My great grandfather moved from Sussex to London but having driven through the hamlet where he was born I understand why he later told a census officer he came from Steyning.
We were driving to Worthing and thought we’d like afternoon tea. A sign to Ashworth suggested possibilities but the first we found was a garden centre. The idea was a real tea shop so we drove on. A narrow road to begin with became almost a track before we found the school, a couple of houses and a sign to the church, but no tea shop.
A short distance on was a more important road, so we took that. Three miles on was Steyning. It has a mainly Y-shape, one road in and two roads out, with alleys and minor roads off. The road in was attractive enough but there was nowhere to park. We turned towards the church and as we did so noticed at least the second tea shop.

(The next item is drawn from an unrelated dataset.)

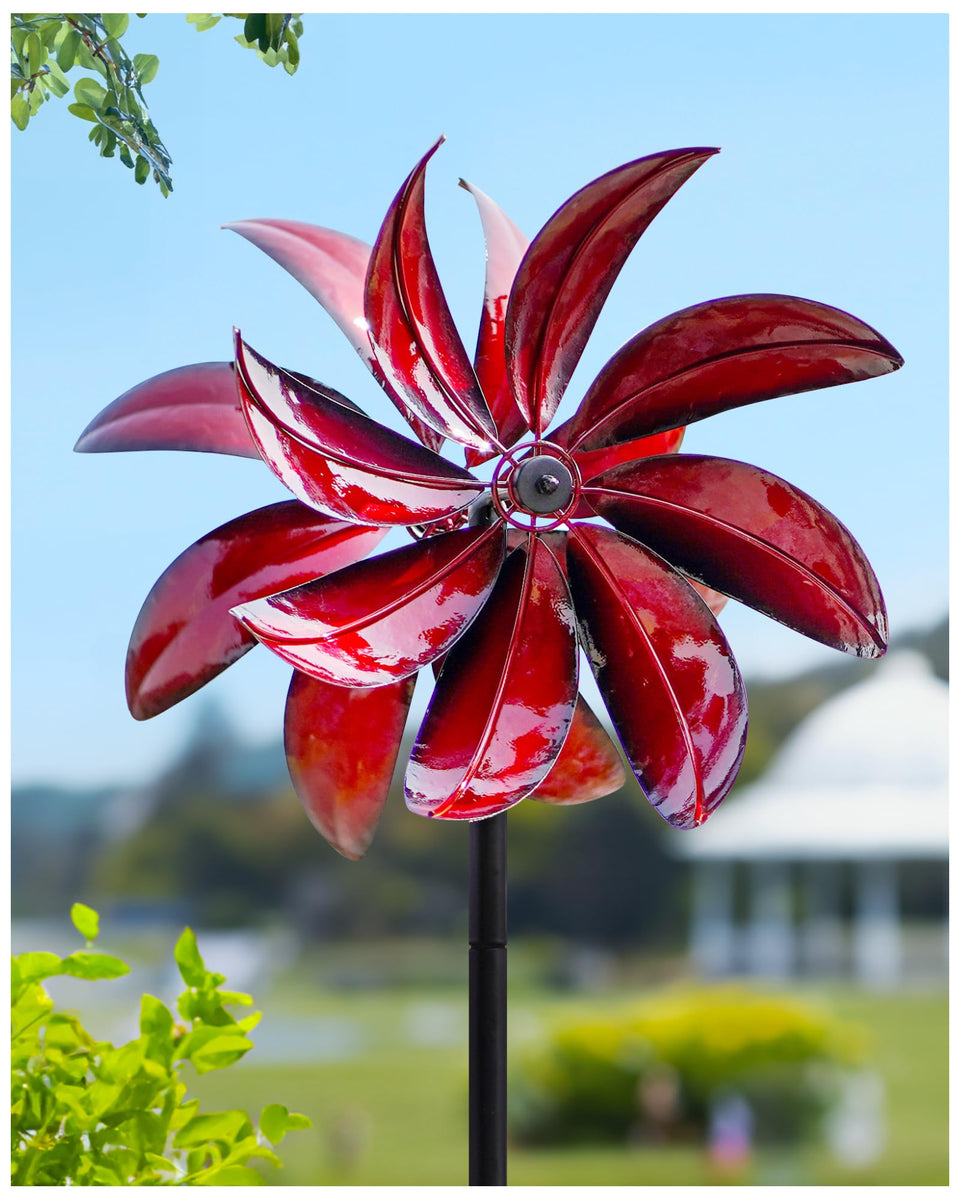 Cyan Oasis wind spinner in red metal design, vibrant garden focal point.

Fortunately there was also a parking bay allowing one hour – plenty of time for tea.
Or was it? The walk back meant passing the old grammar school, established in 1614. A delay for photographs, followed by more at the junction, then the tea shop. It fulfilled all we had hoped for: not only a range of teas (we chose Earl Grey) but also a variety of cakes. A special of the day was rhubarb scone with clotted cream and rhubarb jam. Who could resist? Not us certainly.

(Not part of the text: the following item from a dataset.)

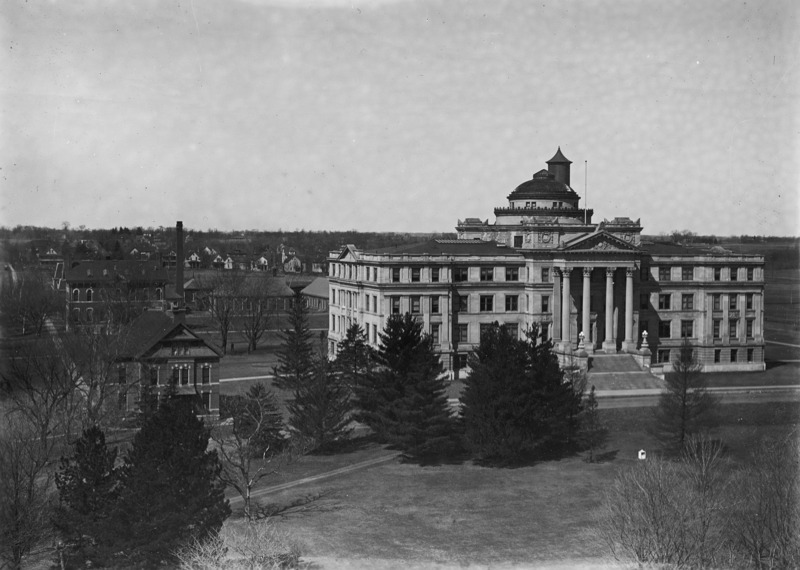 An aerial view of Beardshear Hall and the English Office Building, showing the top of the Marston Water Tower behind Beardshear Hall.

A few minutes to wait was well rewarded: warm scones that really lived up to the ‘large’ on the blackboard; enough rhubarb in them and a splendid jam beside. The tea came in a generous old fashioned teapot, of the kind that was repeated on shelves around the tea room. A delicious end to what had seemed a lost cause.
The temptation was to stay for the entire hour, but we resisted. Our reward was a walk past more splendid old buildings, still doing service as shops, banks, estate agents and most of the provision a small town needs. Everyone seemed busy but in no sense rushed.
We filled our hour and drove to the car park opposite the church. The church tower is impressive and promised an interesting interior. Opposite was a statue of the presumed Anglo-Saxon founder: Steyn perhaps. Unfortunately we had no time for further exploring but promised ourselves a return visit before very long.